Green Lantern Review


Review By Drew Sandoval

"Green Lantern" feels like an exercise.  It seems to have all the right pieces; an interesting cast, a big-entertainment director, and a character who has endured 70 years of comic book storytelling.  Even with everything going for it, the film is a constant let down, as if everyone who made this movie just did their day's work and went home.  No one tries to push the envelope, and really deliver something entertaining. 

I've got a feeling most people have a general idea what the movie is about from the trailer, and if not, don't worry because the story is just a hodgepodge of the plots of better movies.  Ryan Reynolds plays Hal Jordan, a hot shot jet pilot with family issues (he watched his hot shot pilot father die on the runway, and now Hal can't quite seem to overcome that fear of death).  A dying space alien, part of an intergalactic peacekeeping force (The "Green Lanterns"), crash lands on Earth and chooses our hero to replace him on the police force.  With the membership comes a magical ring that allows Hal to create anything he can see in his mind.  It isn't as exciting as it sounds.

Ryan Reynolds is fairly slack in this role.  I was actually looking forward to Reynolds as an out-and-out superhero (he was cool in Blade 3), but he feels subdued here.  The qualities I most respond to are his sarcasm, meanness, and his mischievous, almost depraved, sex appeal.  I thought he was great in "Waiting" and some of his other lowball comedies.  Here he tries to be All-American hero, and playing it straight isn't one of his strengths.  He is doing Ryan Reynolds-lite.

The rest of the cast is similarly apathetic.  Blake Lively and Tim Robbins aren't given much to do.  Voice work by Geoffrey Rush and Michael Clarke Duncan is subpar.  Peter Sarsgard, as a side villain whose brain expands and forces his skull into the shape of a deformed watermelon, is almost embarrassing to watch.  Mark Strong, as a strict and stern commander of Ryan Reynolds new Green Lantern team, helps bring gravity to the situation, but it doesn't really help.

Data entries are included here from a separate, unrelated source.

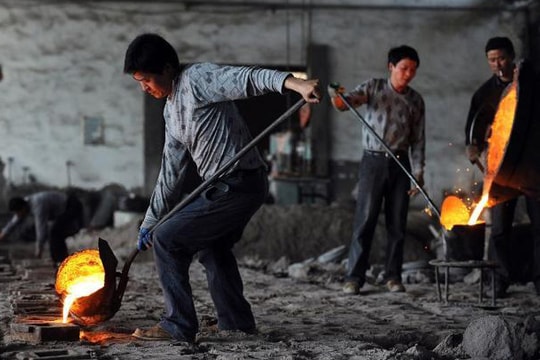 Ngành thép Trung Quốc chìm theo khủng hoảng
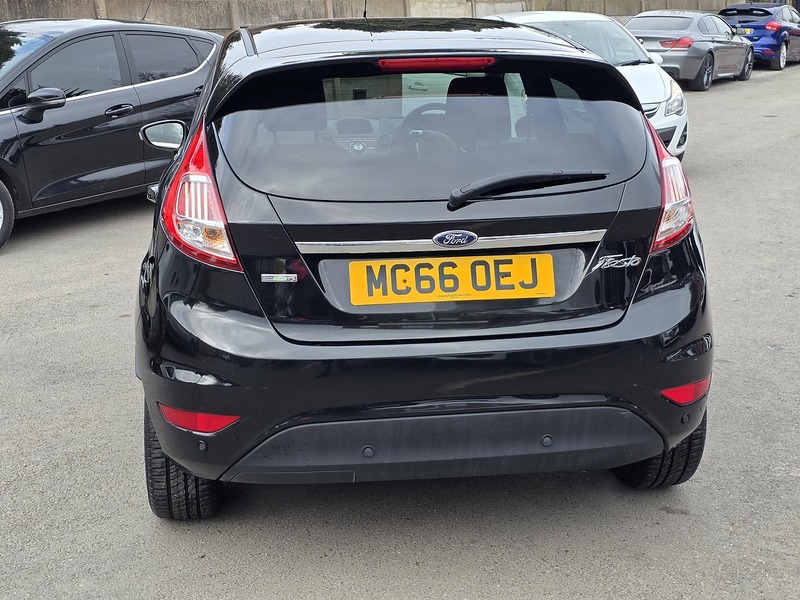 Ford Fiesta 1.0T EcoBoost Titanium Hatchback 5dr Petrol Powershift Euro 6 (100 ps) - U2412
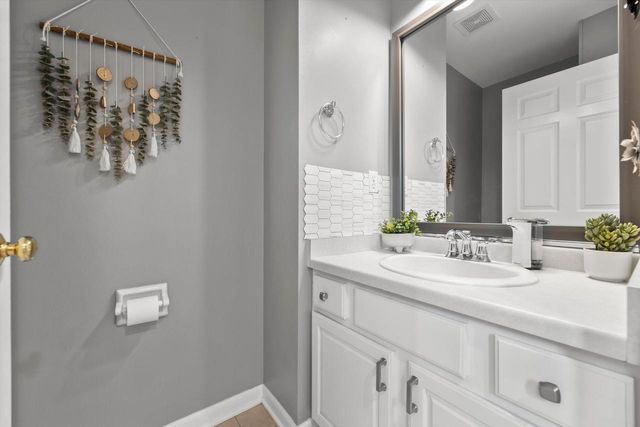 3540 McIntosh LANE, New Berlin, WI 53151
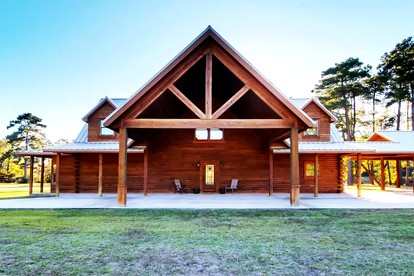 Fantastic Cabin Rental with Outdoor Living Space Ideal for a Lake Conroe Getaway - glamping.directory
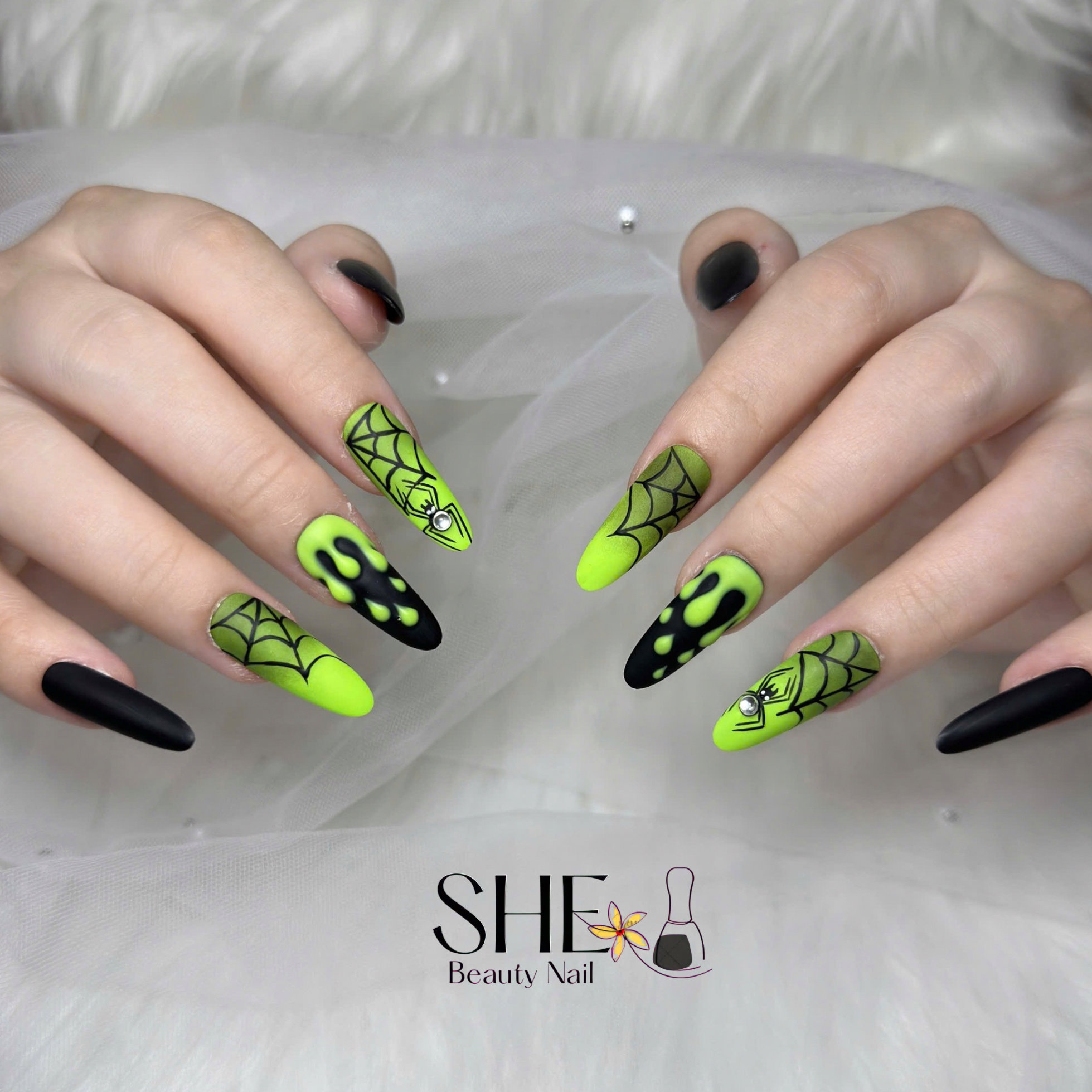 SHE_NAIL_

Also of note are the curiously uninvolving action scenes.  The director, Martin Campbell, has deliver some of the best action cinema of the last twenty years, with GoldenEye, Mark of Zorro, and Casino Royale.  The primary difference between those near-classic films and this one, is this film has a necessary reliance on CGI.  I don't particularly think CGI is Campbell's strong suit.  For the few moments when we are watching actual physical effects (a car getting flipped down a city street, or a top-secret lab being ripped apart), the film starts to perk up, but then we return to the flying and Green Lantern creations, and the film gets slows for unimpressive visuals and simple action setups.

On top of everything else, the writing itself isn't really up to snuff.  I can see how this property could be something impressive and epic, it seems to be rich with concepts of fear and willpower, a hinted-at backstory of betrayals and victories, and a heroes journey as he overcomes the demons inside him.  However the writing doesn't sufficiently develop any of this, and instead seems content to shoot us from cliched scene to cliched scene.

Anyways, this film is a big disappointment.  It feels as if everyone in it's making was coasting on autopilot, not quite finding the effort to make this film something really special and entertaining.